PROBLEM REQUIREMENTS »
Could you set down exactly the lines in the records below between the line holding "Photo 3 - Hi-Tide Oceanfront Inn" and the line holding "Private AubrieleRouj1 on StripChat", inclusive?
RECORDS TO USE: Begin
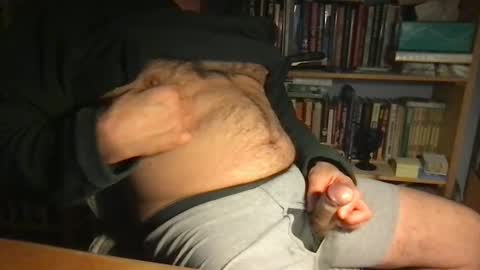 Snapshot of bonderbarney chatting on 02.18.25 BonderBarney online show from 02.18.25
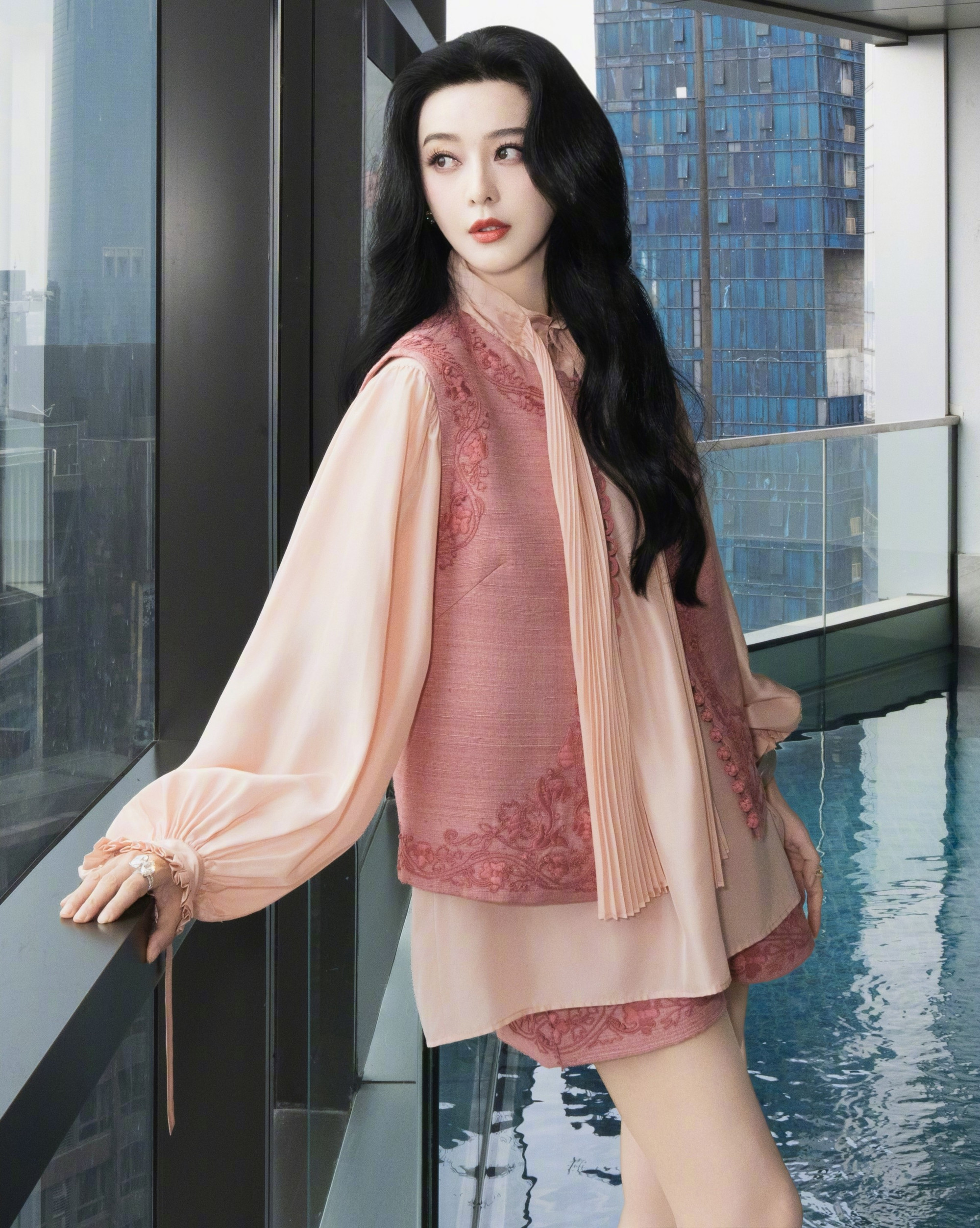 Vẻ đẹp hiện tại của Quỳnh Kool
RECORDS TO USE: End
RECORDS TO USE: Begin
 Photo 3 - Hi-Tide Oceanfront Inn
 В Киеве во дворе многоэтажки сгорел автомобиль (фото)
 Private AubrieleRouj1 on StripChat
RECORDS TO USE: End
RESPONSE AREA »
 Photo 3 - Hi-Tide Oceanfront Inn
 В Киеве во дворе многоэтажки сгорел автомобиль (фото)
 Private AubrieleRouj1 on StripChat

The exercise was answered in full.